As it stands to reason replication v2.1 only works in deployment configurations that were available and supported in Cinder at the time of its design and implementation.

Now that we are also supporting Active-Active configurations this translates to replication not properly working on this new supported configuration.

This spec extends replication v2.1 functionality to support Active-Active configurations while preserving backward compatibility for non clustered configurations.

Problem description

On replication v2.1 failover is requested on a per backend basis, so when a failover request is received by the API it is then redirected to a specific volume service via an asynchronous RPC call using that service’s topic message queue. Same thing happens for freeze and thaw operations.

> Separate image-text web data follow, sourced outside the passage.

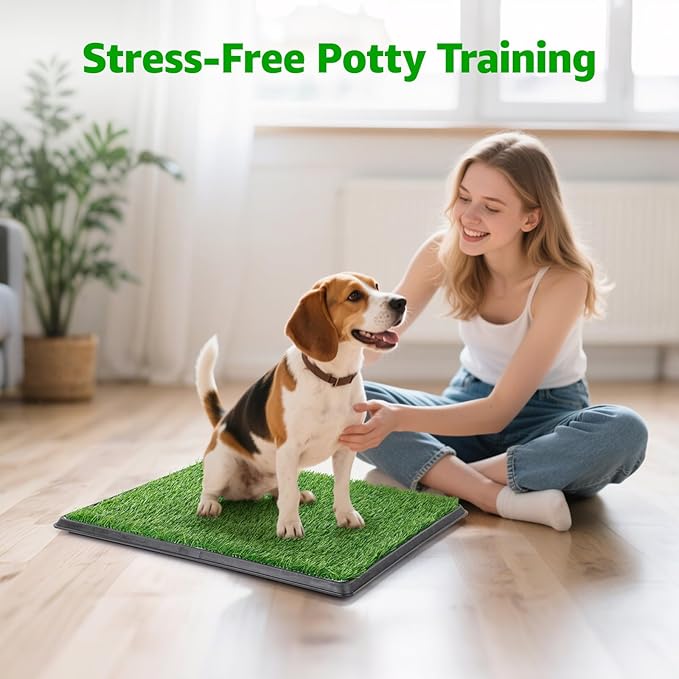 Portable Dog Grass Pad with Tray 20''x25'': Dog Litter Box with Artificial Grass Patch Bathroom Mat & Washable Pee Pad for Puppy Potty Training, Pet Loo Indoor Outdoor Use for Patio Balcony Apartment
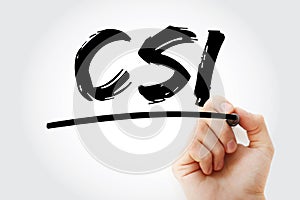 CSI - Continual Service Improvement acronym with marker, business concept background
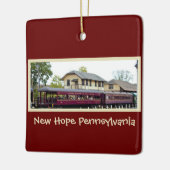 Station New Hope Train Keramisch Ornament (Links)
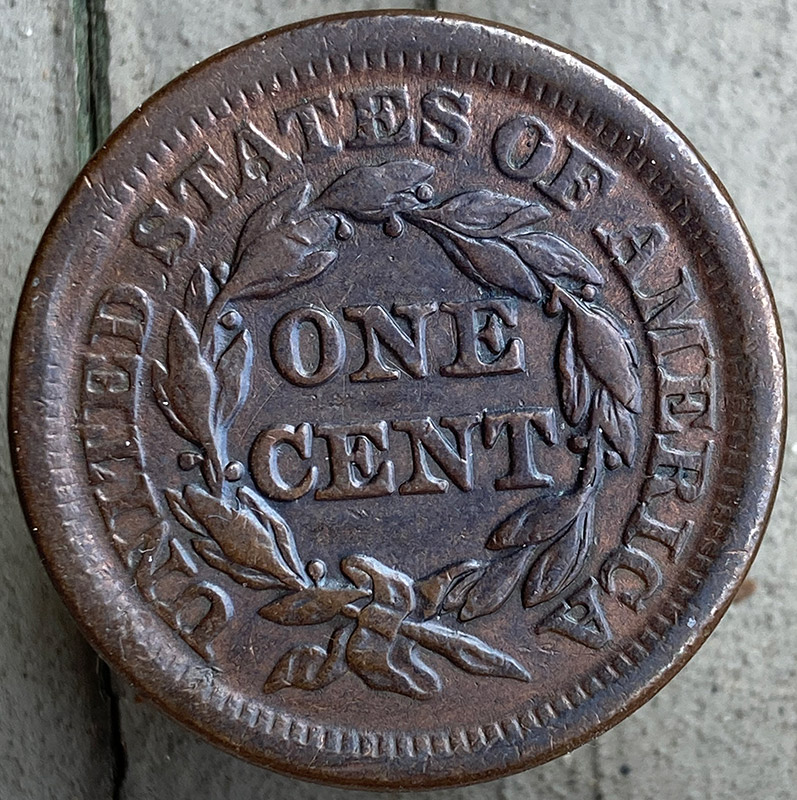 1853-Braided-Hair-Cent-For-Eval-And-Grade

It works when we have a one-to-one relation between volume services and storage backends, but it doesn’t when we have many-to-one relationship because the failover RPC call will be received by only one of the services that form the cluster for the storage backend and the others will be oblivious to this change and will continue using the same replication site they had been using before. This will result in some operations succeeding, those going to the service that performed the failover, and some operations failing, since they are going to the site that’s not available.

While that’s the primary issue, it’s not the only one, since we also have to track the replication status at the cluster level.

Use Cases

Users want to have highly available cinder services with disaster recovery using replication.

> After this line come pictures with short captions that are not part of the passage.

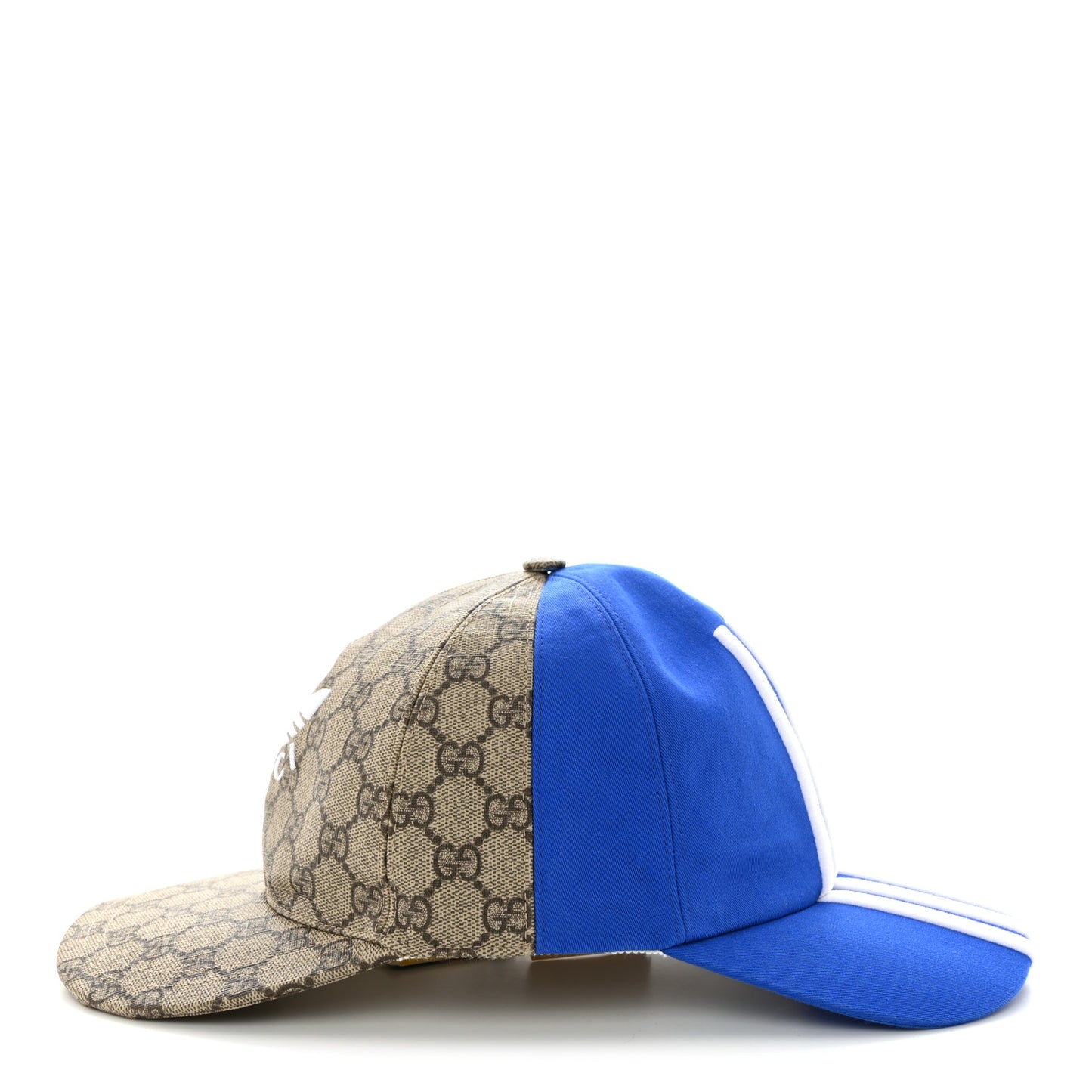 X ADIDAS GG Supreme Monogram Double Sided Baseball Hat M Blue Beige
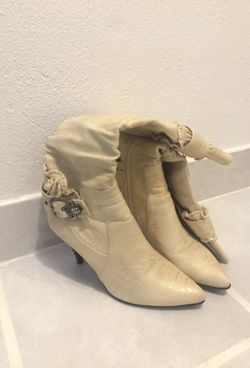 Cremè and gold boots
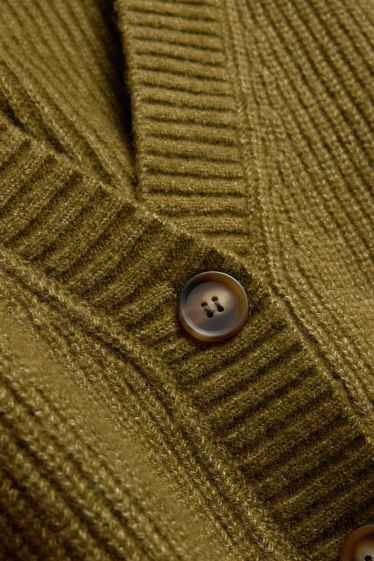 Damen - Strickjacke - gerippt - khaki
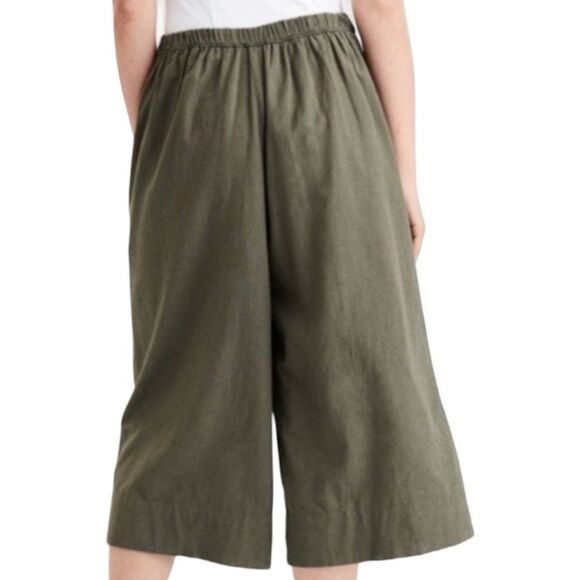 American Eagle Crop Wide Leg Pants Womens Small Green Pull-On Linen Blend - Picture 4 of 13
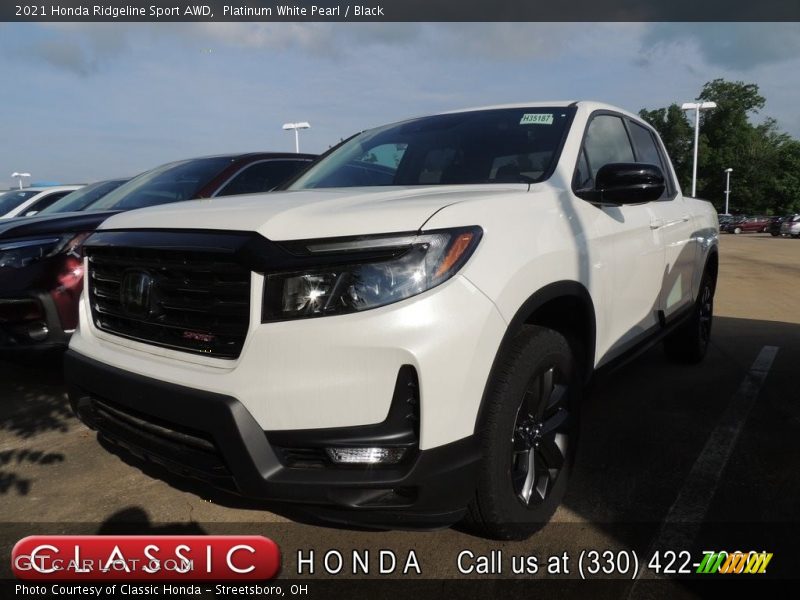 Platinum White Pearl / Black 2021 Honda Ridgeline Sport AWD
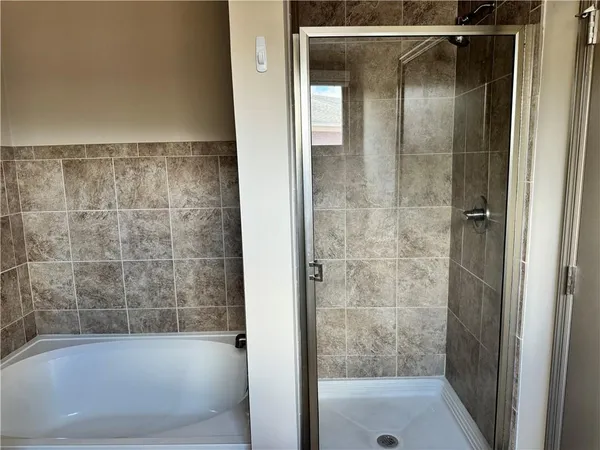 a bathroom with a bathtub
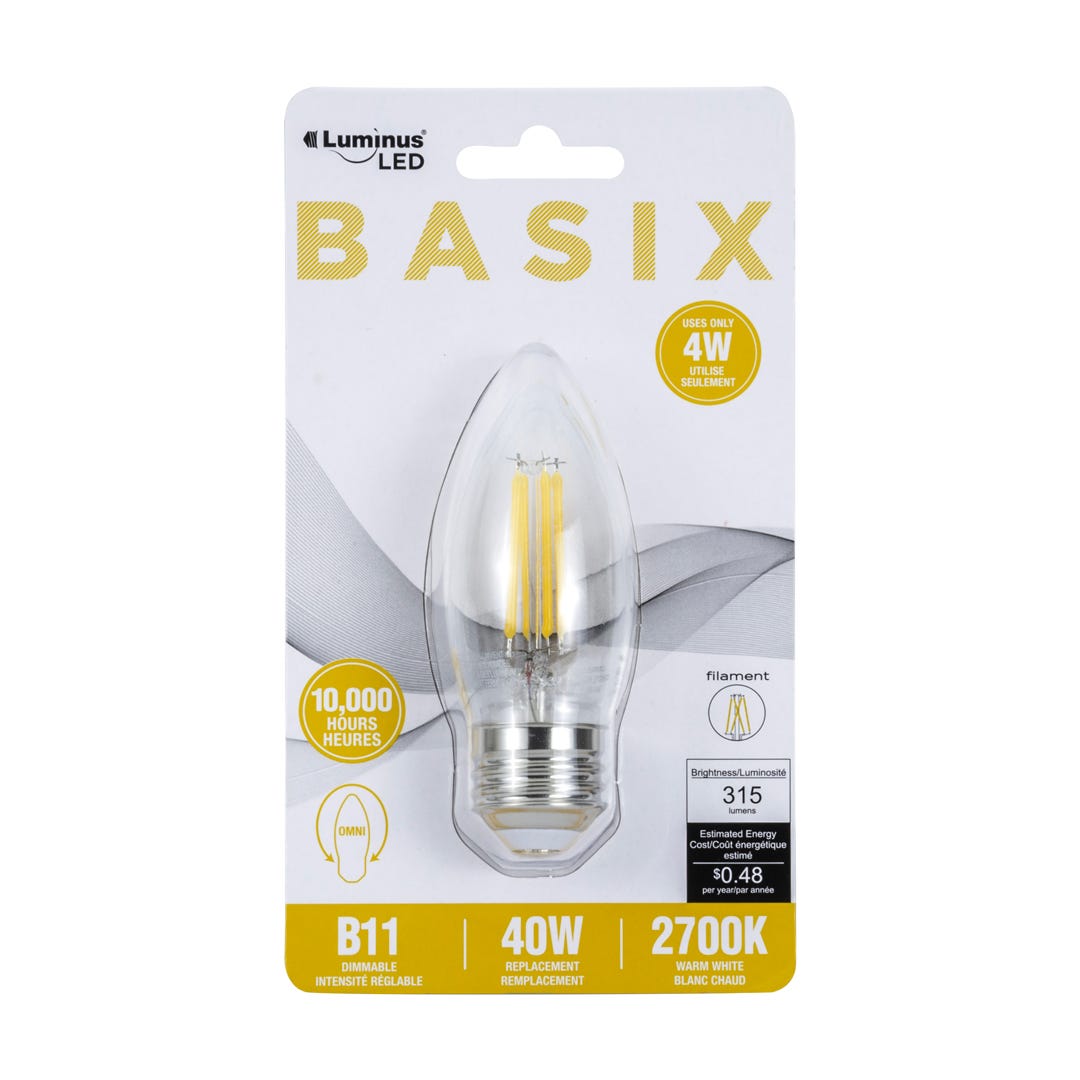 Light Bulb LED, 4.5w, B10/B11, E26, 2700k, 1/Pack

It is not enough that individual features will be available on their own as they’ll want to have them both at the same time; so being able to use either Active-Active configurations without replication, or replication if not deployed as Active-Active, is insufficient.

They could probably make it work if they stopped all but one volume services in the cluster, issued the failover request, and once it has been completed they brought the other services back up, but this would not be a clean approach to the problem.

Proposed change

The proposed change in its core is to divide the failover operation in the driver into two individual operations, one that will do the side of things related with the storage backend, for example force promoting volumes to primary on the secondary site, and another that will make the driver perform all the operations against the secondary storage device.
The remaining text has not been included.